Source data:
--- START ---
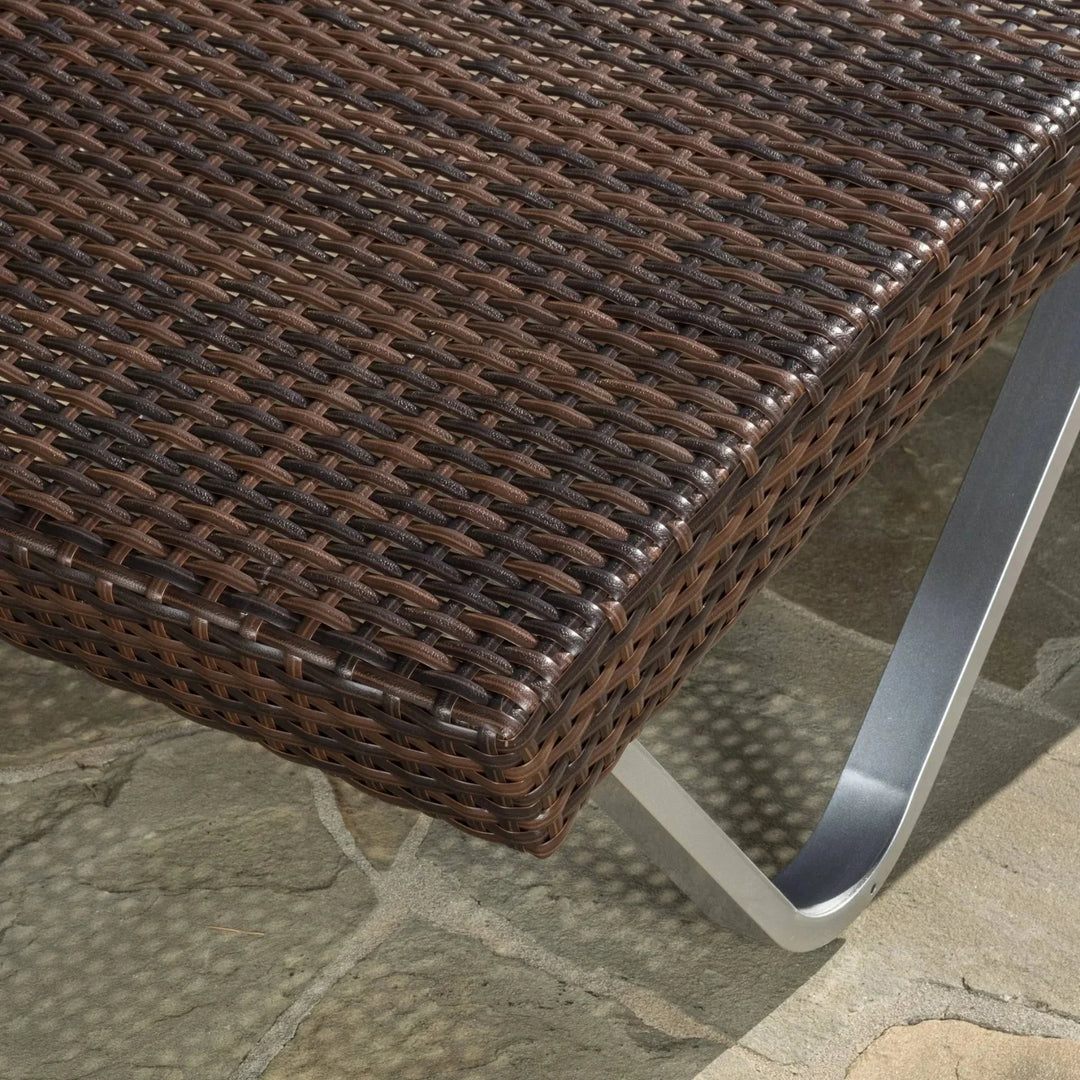 Nike Outdoor Rattan Wicker Lounge Chairs Set of 2 with Matching Side Table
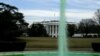 The water in the fountain on the South Lawn of the White House flows green in celebration of St. Patrick's Day in Washington, March 17 2015. 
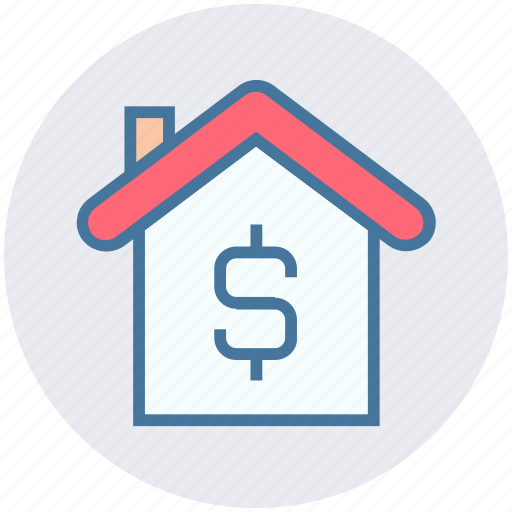Dollar, dollar sign, home, house, online, property, property value icon - Download on Iconfinder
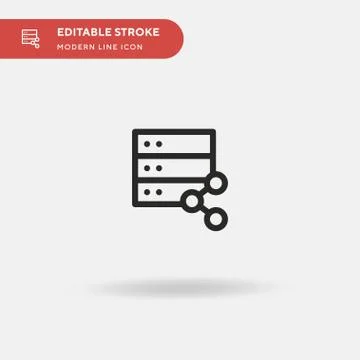 Database Simple vector icon. Illustration symbol design template for web mobi Stock Illustration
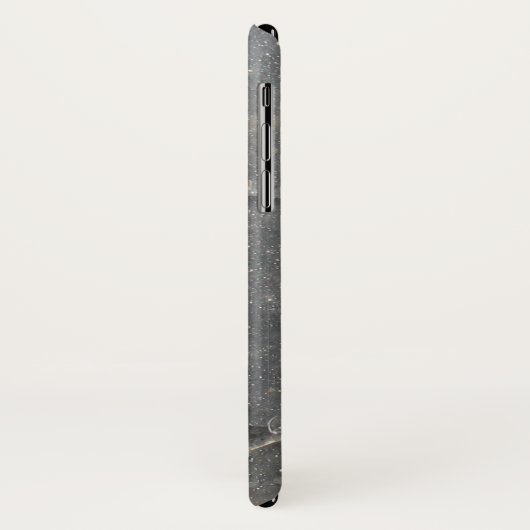 割れたガラス窓付き金属バー Case-Mate iPhoneケース (裏面/左)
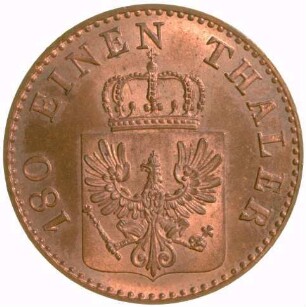 Münze, 2 Pfennig, 1853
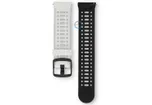 22mm siliconen bandje - ademend design - wit/zwart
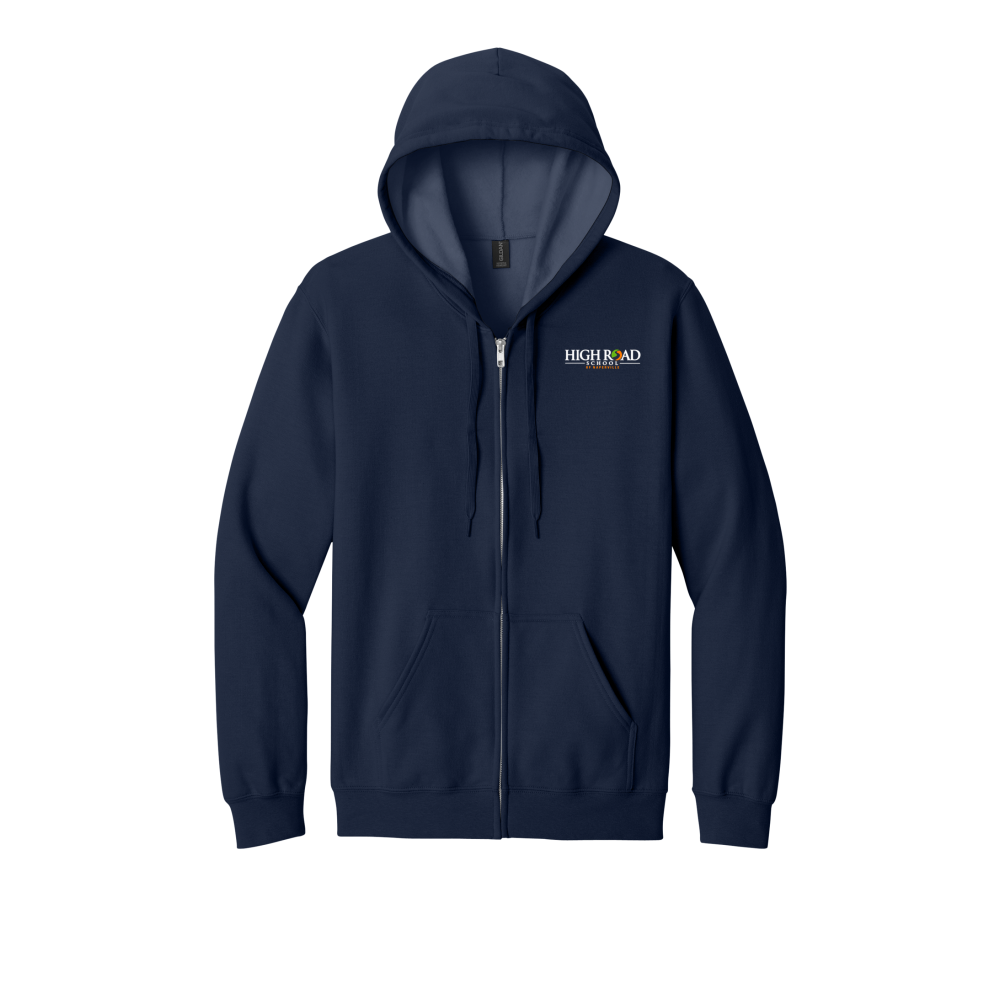 Gildan Softstyle® Midweight Fleece Full-Zip Hooded Sweatshirt - Logo 7.1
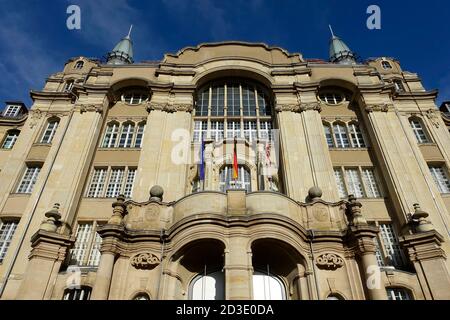 Cour de district, Littenstrasse, Berlin, Allemagne Banque D'Images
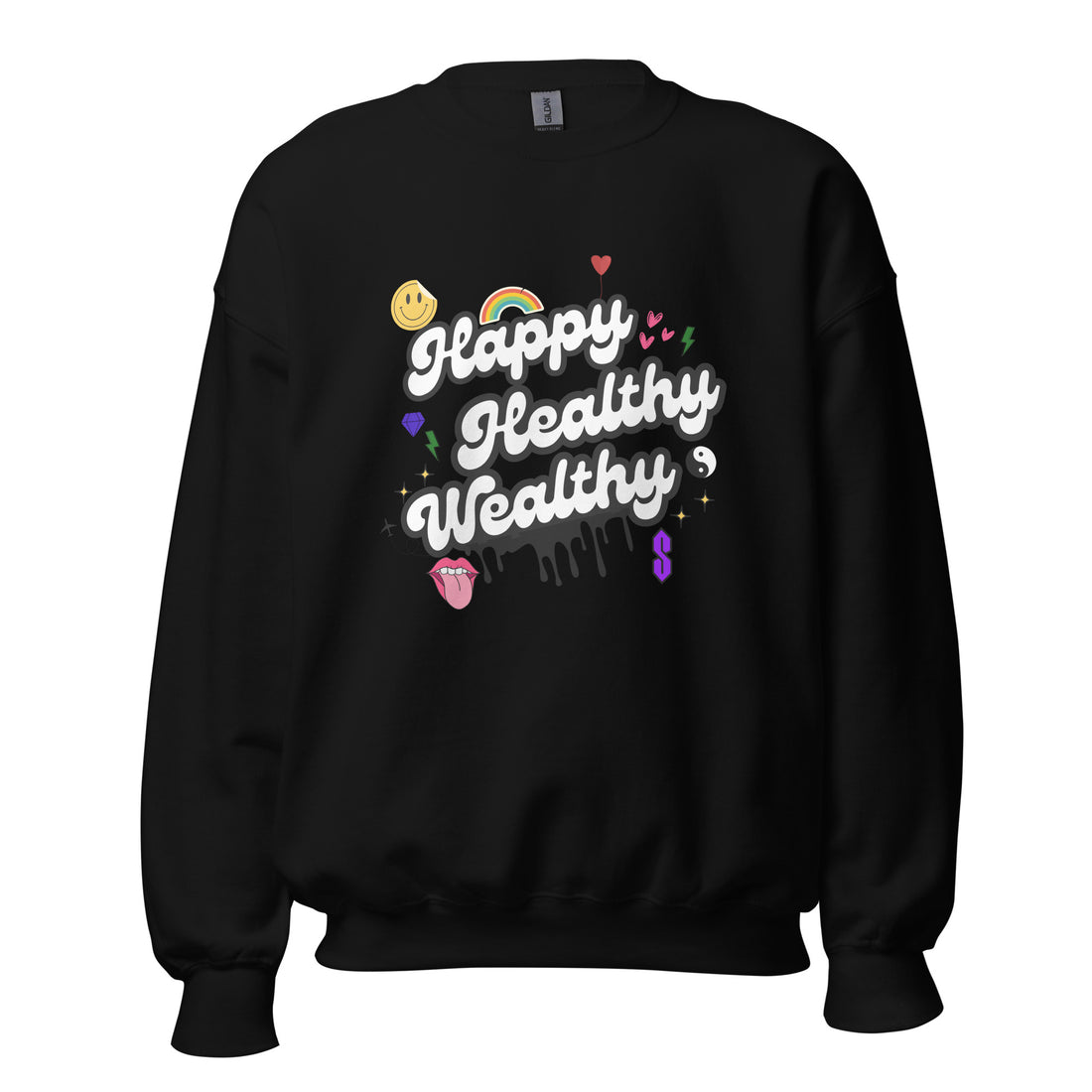 Happy, Healthy, Wealthy Crop Top | Empowering Lifestyle Apparel | Vibe Snob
--- END ---
» **To do**
Reproduce the records exactly, starting with their first line and ending with the line that contains "割れたガラス窓付き金属バー Case-Mate iPhoneケース (裏面/左)", though pictures should be dropped.

» **Task answer**
 Nike Outdoor Rattan Wicker Lounge Chairs Set of 2 with Matching Side Table
 The water in the fountain on the South Lawn of the White House flows green in celebration of St. Patrick's Day in Washington, March 17 2015. 
Dollar, dollar sign, home, house, online, property, property value icon - Download on Iconfinder
 Database Simple vector icon. Illustration symbol design template for web mobi Stock Illustration
 割れたガラス窓付き金属バー Case-Mate iPhoneケース (裏面/左)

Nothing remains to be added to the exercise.